再次，使用20 L球形爆炸实验系统测试了海藻酸钙-尿素改性干水粉体在6%、8%、10%、12%瓦斯浓度下的最佳用量，得出最佳用量分别为0.125、0.3、0.5、0.225 g/L，总体呈现出先上升后下降的趋势。当添加海藻酸钙-尿素改性干水粉体过少时，不能在瓦斯爆炸反应初始阶段对反应进程形成有效阻碍；而添加过量的海藻酸钙-尿素改性干水粉体，又会导致粉体在受限空间内出现团聚现象，并且增大了其体积负荷，使得粉体自身的热解效率降低。这两种情况均会使得海藻酸钙-尿素改性干水粉体的瓦斯抑制效果变差。

最后，分析了海藻酸钙-尿素改性干水粉体的瓦斯抑爆机理，得出其在抑制瓦斯爆炸时，可使得瓦斯爆炸体系中的CHOꞏ、OHꞏ和CNꞏ等关键自由基含量明显降低，并且生成大量HNOꞏ和NOꞏ可继续消耗瓦斯爆炸体系中的自由基。通过将上述结论与干水粉体的TG-DSC热过程分析相结合得到海藻酸钙-尿素改性干水粉体的瓦斯抑爆机理，主要包含以下四个方面：① 隔绝瓦斯爆炸反应，降低氧浓度；② 水分子蒸发吸热，降低火焰温度；③ 水蒸气稀释可燃气体，惰化反应；④ 各自由基发生链式反应，降低关键自由基浓度。

China possesses considerable coal resources, with the total reserves ranking top three in the world. Coal production plays an important role in realizing the rapid development of China's economy. But in the process of coal production, gas accidents happen from time to time, which seriously hinders coal mine safety production. At present, researchers at home and abroad have done a lot of research on gas explosion suppression technology. As a new type of explosion suppression material, dry water powder has the double inhibition effect of powder inhibitor and fine water mist inhibitor and has a very broad market prospect.
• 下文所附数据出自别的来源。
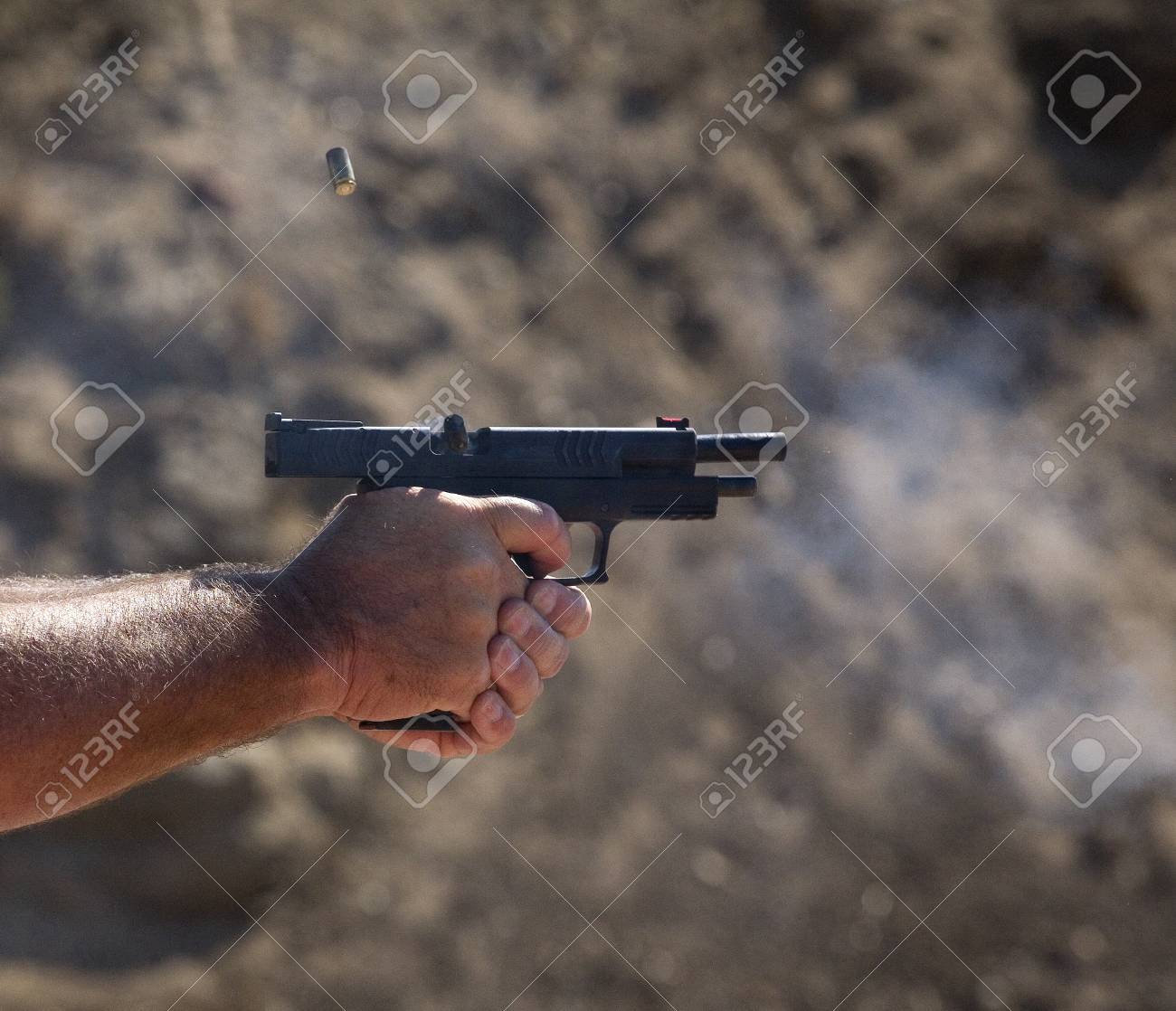 ポリマー拳銃から飛んでいる空の薬莢 の写真素材 画像素材 Image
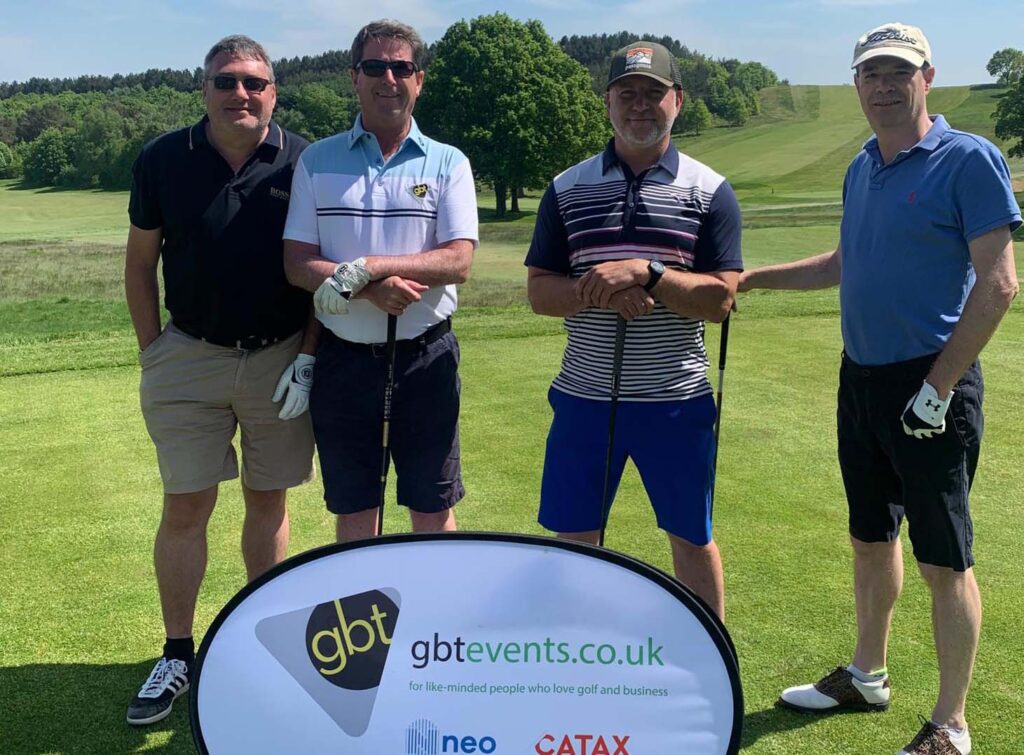 Four Golfers on the golf networking tour standing together for a picture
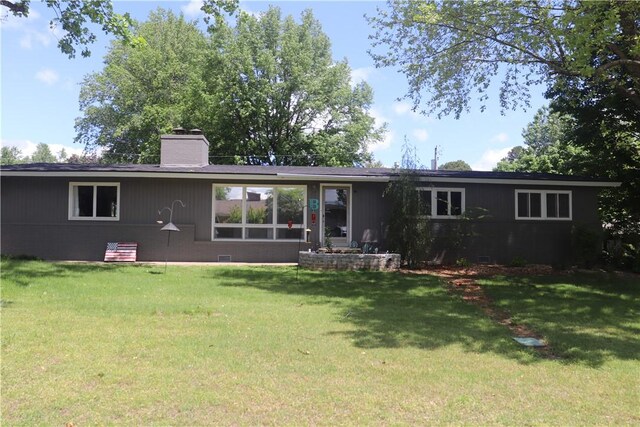 back of house with a chimney, a lawn, and crawl space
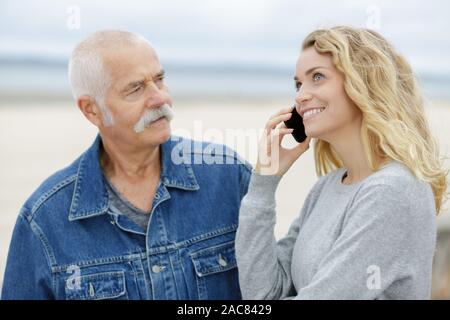 Il vecchio uomo e bellissima figlia utilizzando uno smartphone Foto Stock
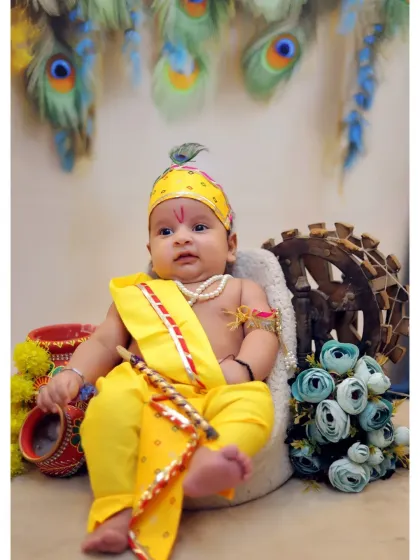 A detailed shot of a 4-month-old baby in a yellow Krishna costume, complete with a flute and peacock feather crown. The setup includes a spinning wheel prop and floral decorations.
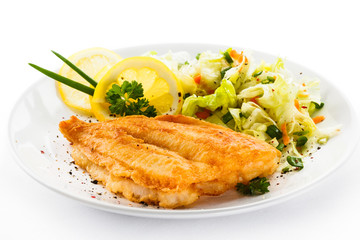 Fish dish - fried fish fillets and vegetable salad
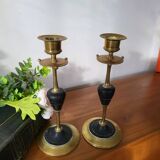 Pair of brass and black hard stone candlesticks
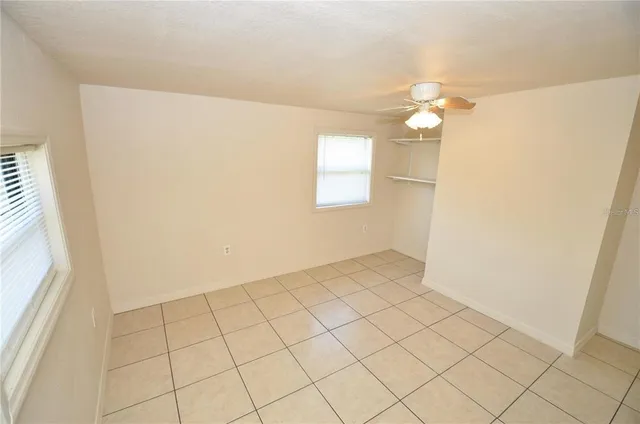 a view of an empty room with wooden floor and a floor to ceiling window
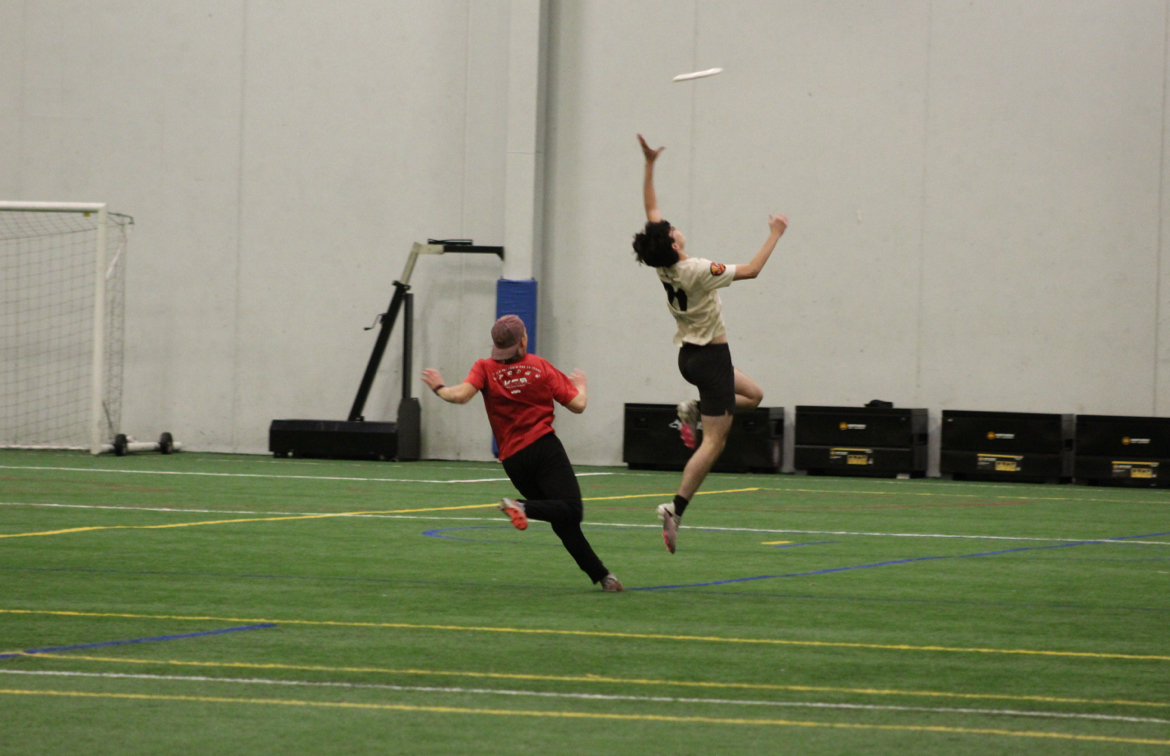 Senior+Saul+Zis+jumps+to+catch+the+pass++March+27.+Crush+ultimate+frisbee+wraps+up+their+tryouts+with+an+indoor+practice+at+Champions+Hall.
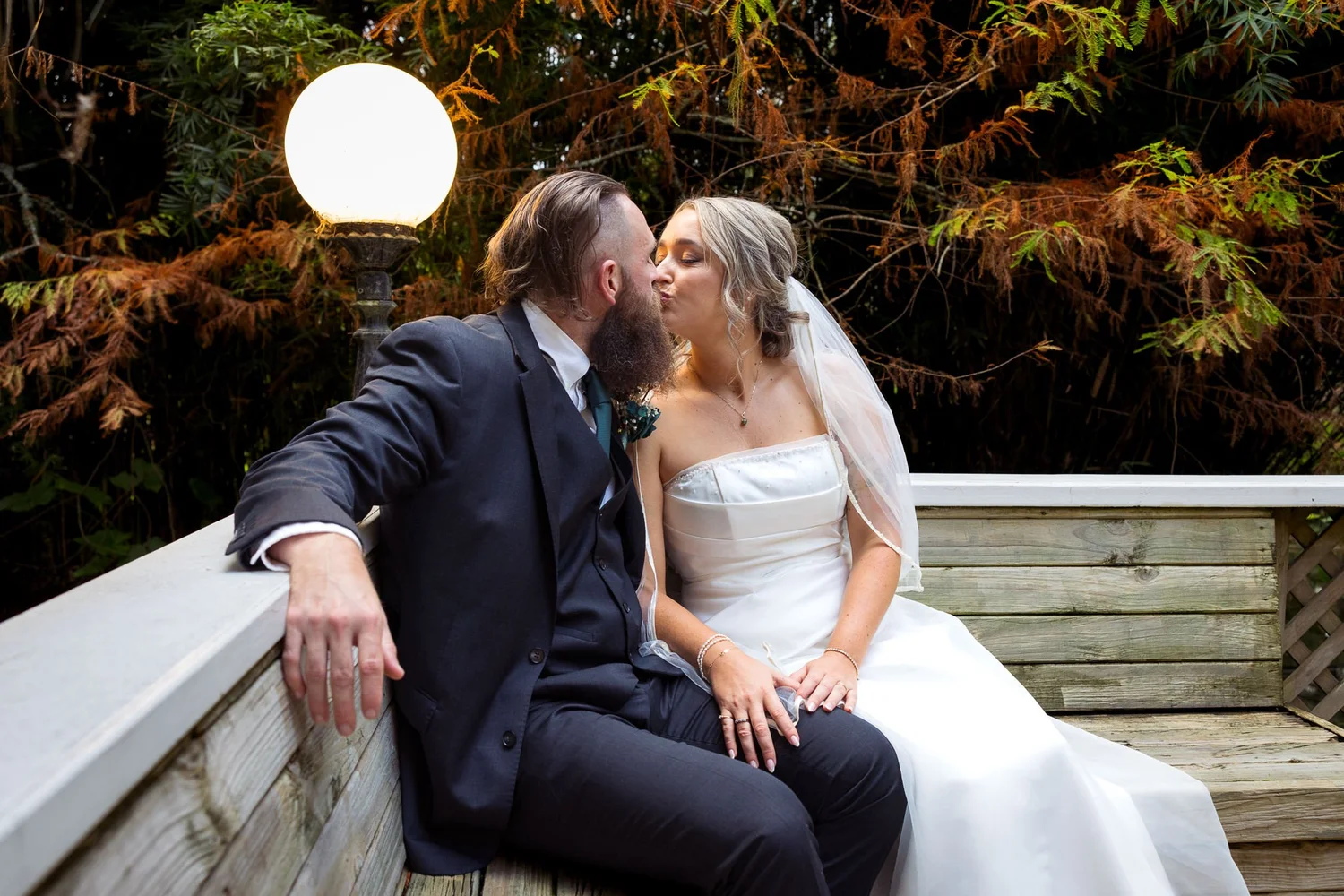 Felicity and Ronan kiss on a garden bench beside a lamp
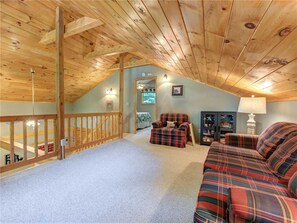 Cabin, Multiple Beds, Hot Tub | Living room | 42-inch TV with cable channels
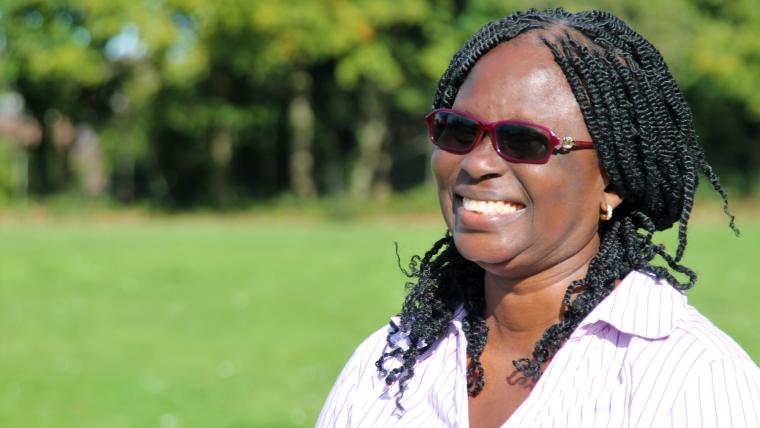 Beautiful News-Woman in dark shades smiling.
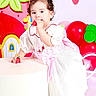 Ailany Hernández joined the competition — help win amazing prizes! toddler, child, strawberry, dress, bow, balloons, birthday, cute, smiling, indoor, decor, party, props, white_dress, pink_bow, barefoot, curly_hair, colorful, celebration, portrait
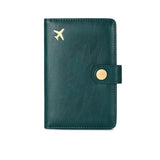 Turquoise blue green  leather travel passport valuables organizer with gold airplane emblem and button on a white background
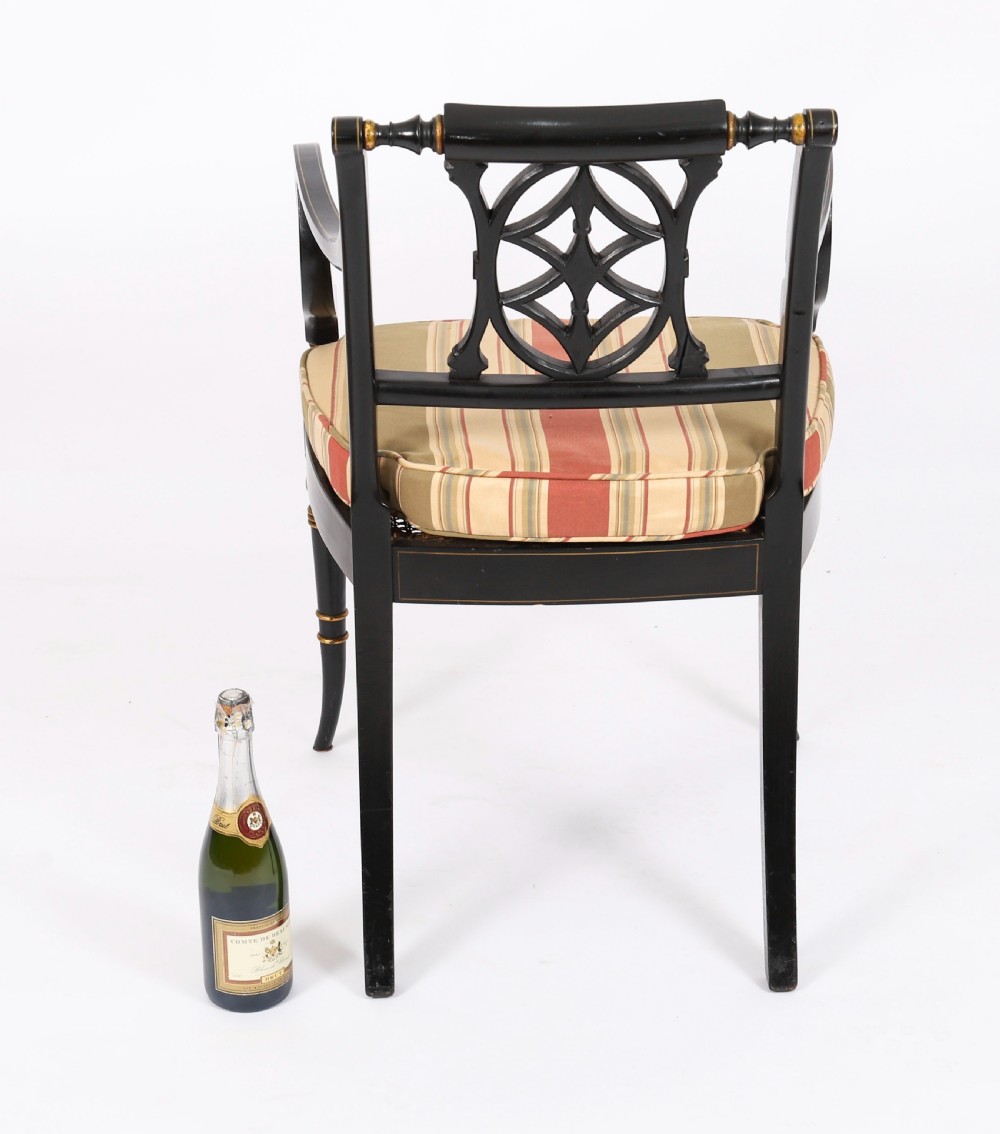A set of ten ebonised and parcel-gilt Regency Revival dining chairs featuring pierced splat backs and striped upholstered seats. View XV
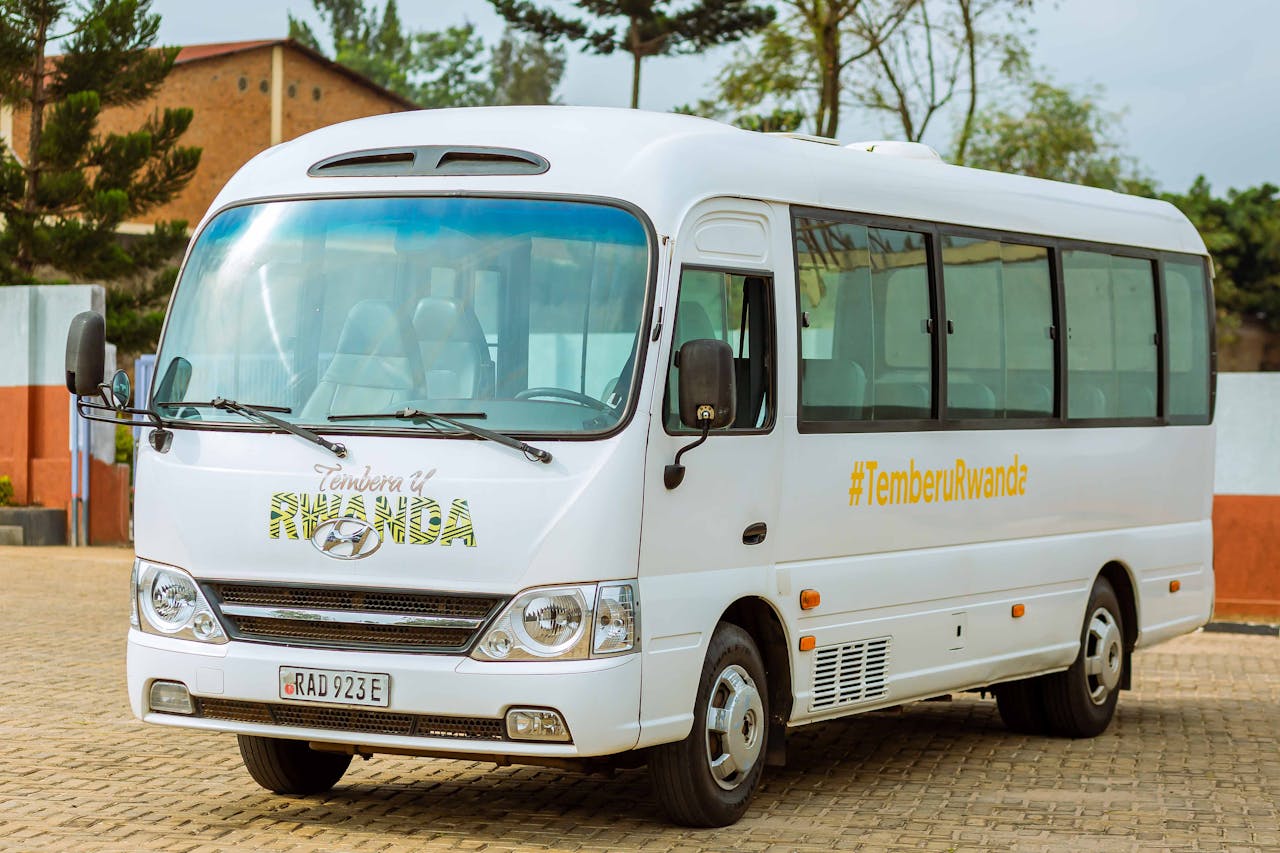 services-02 A white tourist bus with TemberuRwanda branding parked outdoors in Rwanda.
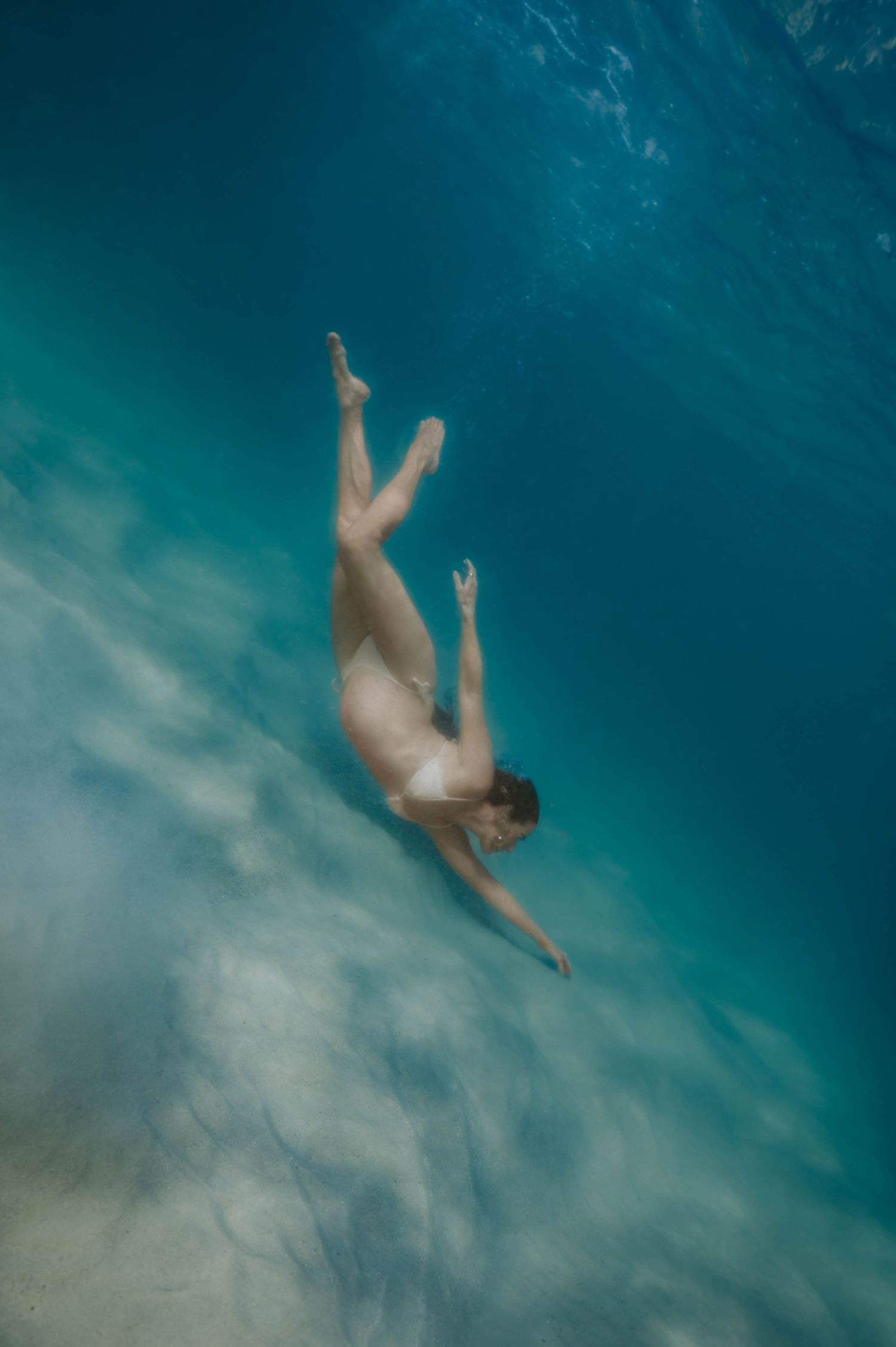 Underwater Maternity Photographer on the Sunshine Coast in a heated pool with toddler Surf and Ocean water maternity shoos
In this paper, the preparation method of dry water powder, gas explosion suppression performance, and explosion suppression mechanism was studied. Firstly, the effects of mass ratio, stirring speed, and stirring time on the preparation of an ordinary dry water powder system were studied. The best mass ratio of the preparation was 9:100, the best stirring speed was 5000 rpm, and the best stirring time was 240 s. In addition, the modification of ordinary dry water powder was studied, and four kinds of urea-modified dry water powder and three kinds of calcium alginate gel modified dry water powder were prepared. It was found that the bulk density, moisture retention, and fluidity of the dry water powder were significantly improved, the stability was enhanced, and the particle size distribution was more uniform after adding gel agent and modifier to the ordinary dry water powder.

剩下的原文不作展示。